Plaintiff's proposed Third Amended Complaint and the documents attached thereto and incorporated by reference do not identify the date on which his underlying criminal proceeding terminated, i.e., the date on which the jury rendered its verdict. In addition, plaintiff does not attach or refer to any documents or statements in his pleadings indicating that his underlying criminal proceeding terminated on April 12, 2011. Rather, the facts demonstrating that plaintiff's malicious prosecution claim is time-barred can be gleaned only from defendant's Memorandum of Law, which is not within the narrow range of factual sources that a district court may consider at this stage. See Staehr v. Hartford Financial Servs. Group Inc., supra, 547 F.3d at 425 ("We have stated that, ‘[d]ismissal under Fed.R.Civ.P. 12(b)(6) is appropriate when a defendant raises ... [a statutory bar] as an affirmative defense and it is clear from the face of the complaint, and matters of which the court may take judicial notice, that the plaintiff's claims are barred as a matter of law.’ "), quoting Conopco, Inc., v. Roll INt'l, 231 F.3d 82, 86 (2d Cir. 2000) ); Chisholm v. United of Omaha Life Ins. Co., 514 F.Supp.2d 318, 324 (D. Conn. 2007) ("While a statute of limitations defense is most often pleaded as an affirmative defense and may require a factual inquiry beyond the face of the complaint, a defendant may raise the statute of limitations in a Rule 12(b)(6) motion ‘[w]here the dates in a complaint show that an action is barred by a statute of limitations ....’ "), quoting Ghartey v. St. John's Queens Hosp., 869 F.2d 160, 162 (2d Cir. 1989).

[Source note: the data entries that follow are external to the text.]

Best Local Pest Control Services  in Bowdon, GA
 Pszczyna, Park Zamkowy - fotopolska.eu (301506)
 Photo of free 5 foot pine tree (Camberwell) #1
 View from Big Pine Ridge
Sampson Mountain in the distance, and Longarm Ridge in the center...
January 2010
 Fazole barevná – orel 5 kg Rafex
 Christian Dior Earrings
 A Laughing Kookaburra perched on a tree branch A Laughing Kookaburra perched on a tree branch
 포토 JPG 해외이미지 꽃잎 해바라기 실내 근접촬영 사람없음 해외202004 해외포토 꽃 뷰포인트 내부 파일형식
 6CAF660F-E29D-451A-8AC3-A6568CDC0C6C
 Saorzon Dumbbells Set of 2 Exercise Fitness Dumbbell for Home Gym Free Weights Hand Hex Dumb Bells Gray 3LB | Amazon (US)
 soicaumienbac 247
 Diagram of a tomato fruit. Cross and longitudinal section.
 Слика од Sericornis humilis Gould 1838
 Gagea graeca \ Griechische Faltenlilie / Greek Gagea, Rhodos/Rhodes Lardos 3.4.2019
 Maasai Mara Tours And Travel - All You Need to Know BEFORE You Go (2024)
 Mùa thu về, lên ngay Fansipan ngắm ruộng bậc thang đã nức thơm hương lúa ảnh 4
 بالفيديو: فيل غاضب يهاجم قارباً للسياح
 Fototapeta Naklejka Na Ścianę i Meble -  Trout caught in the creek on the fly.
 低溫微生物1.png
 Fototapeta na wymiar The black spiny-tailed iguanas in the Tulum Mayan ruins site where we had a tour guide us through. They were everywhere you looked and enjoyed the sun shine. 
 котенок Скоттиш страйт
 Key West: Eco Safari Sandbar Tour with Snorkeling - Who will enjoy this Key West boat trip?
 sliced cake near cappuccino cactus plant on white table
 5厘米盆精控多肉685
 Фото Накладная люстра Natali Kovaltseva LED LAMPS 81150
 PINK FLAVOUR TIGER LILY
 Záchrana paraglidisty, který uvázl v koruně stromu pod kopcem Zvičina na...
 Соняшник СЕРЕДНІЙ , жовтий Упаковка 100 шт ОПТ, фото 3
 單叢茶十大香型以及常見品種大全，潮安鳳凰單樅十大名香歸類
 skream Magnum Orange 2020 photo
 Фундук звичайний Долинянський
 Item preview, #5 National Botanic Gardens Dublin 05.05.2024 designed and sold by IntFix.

Accordingly, because plaintiff's pleadings do not provide the date on which his underlying criminal proceeding terminated, defendants' argument that plaintiff's malicious prosecution claim is time-barred lacks any factual support, and plaintiff's motion for leave to add a "new" claim for malicious prosecution is granted
For all the foregoing reasons, plaintiff's motion to amend is granted in part and denied in part. Plaintiff's motion is granted to the extent that he seeks to assert a Section 1983 malicious prosecution claim against existing defendants. The motion is denied to the extent plaintiff seeks to assert state law tort claims against any party or to add Batignani as a defendant. Plaintiff shall file the Third Amended Complaint by no later than March 30, 2018.
The Clerk is requested to mark Docket Item 72 closed.